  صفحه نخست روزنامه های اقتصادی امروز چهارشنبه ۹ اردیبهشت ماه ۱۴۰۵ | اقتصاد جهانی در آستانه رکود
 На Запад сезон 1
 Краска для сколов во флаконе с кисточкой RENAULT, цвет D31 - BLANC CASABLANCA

---

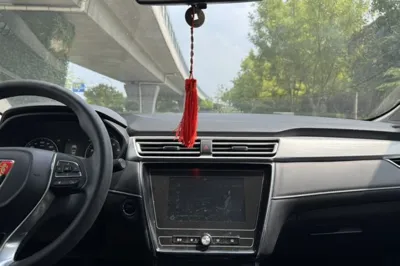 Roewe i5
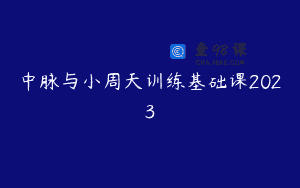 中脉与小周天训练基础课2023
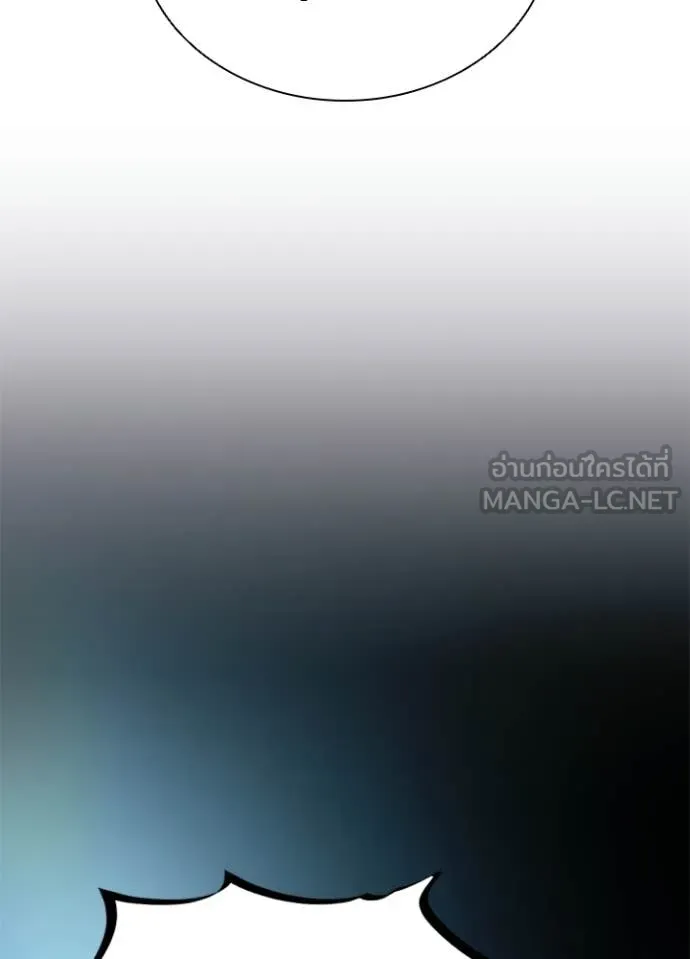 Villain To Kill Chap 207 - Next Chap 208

WORK ITEM: Repeat, character for character, the lines of the material above from the line with "صفحه نخست روزنامه" through the line with "Краска для сколов".

RESULT FOR THIS EXERCISE:
  صفحه نخست روزنامه های اقتصادی امروز چهارشنبه ۹ اردیبهشت ماه ۱۴۰۵ | اقتصاد جهانی در آستانه رکود
 На Запад сезон 1
 Краска для сколов во флаконе с кисточкой RENAULT, цвет D31 - BLANC CASABLANCA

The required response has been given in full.